─── SUPPLIED MATERIAL ───
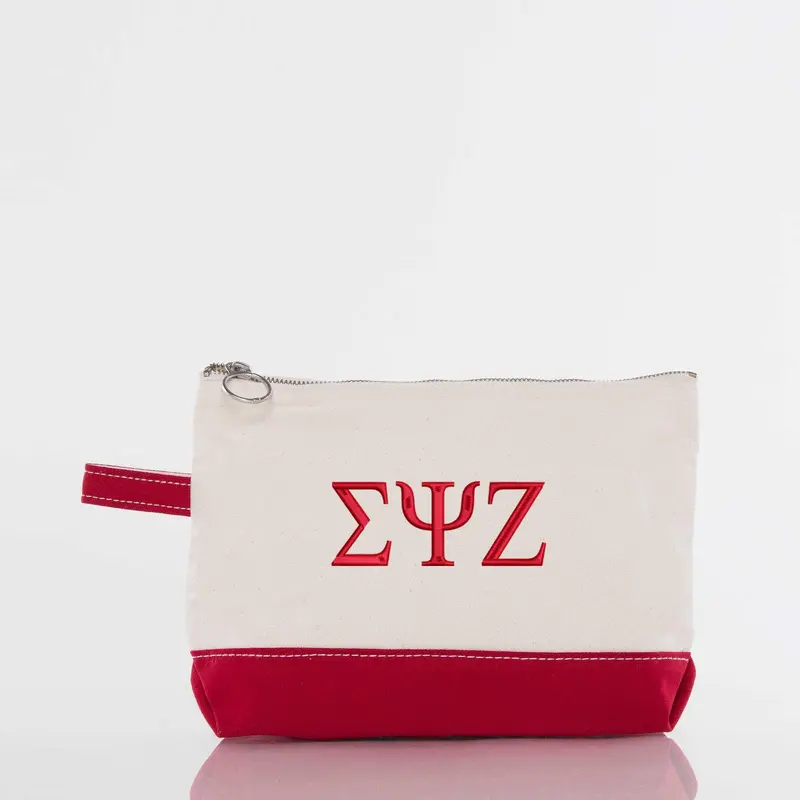 Sigma Psi Zeta Cosmetic Bag 1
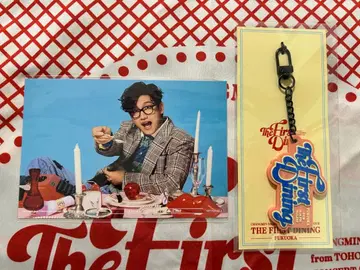 동방신기 최강창민 회장 한정판 러버 키링 엽서 후쿠오카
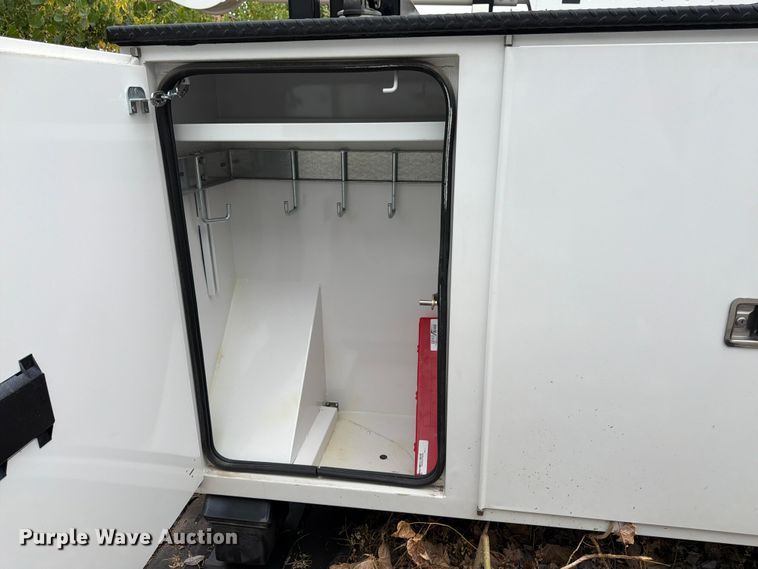 image for item FK3257 Dakota Bodies 168-LB bucket truck bed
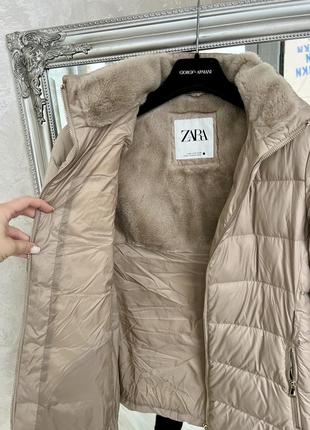 Пуховик zara, новая коллекция9 фото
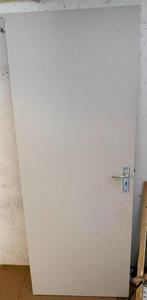 Binnendeur stomp, Doe-het-zelf en Verbouw, Deuren en Horren, Ophalen, Zo goed als nieuw, Binnendeur, 200 tot 215 cm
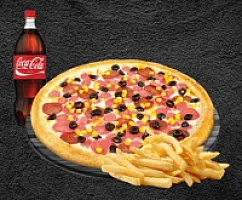 Pizza Menü
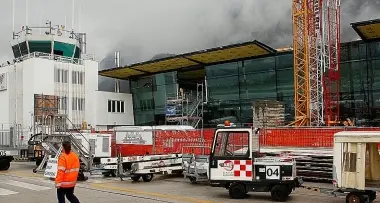 Aeroporto: terminal quasi pronto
───
THE PROBLEM: Output the whole of the data, unchanged; keep the pictures out.

EXPECTED ANSWER:
 Sigma Psi Zeta Cosmetic Bag 1
 동방신기 최강창민 회장 한정판 러버 키링 엽서 후쿠오카
 image for item FK3257 Dakota Bodies 168-LB bucket truck bed
 Пуховик zara, новая коллекция9 фото
 Binnendeur stomp, Doe-het-zelf en Verbouw, Deuren en Horren, Ophalen, Zo goed als nieuw, Binnendeur, 200 tot 215 cm
 Pizza Menü
 Aeroporto: terminal quasi pronto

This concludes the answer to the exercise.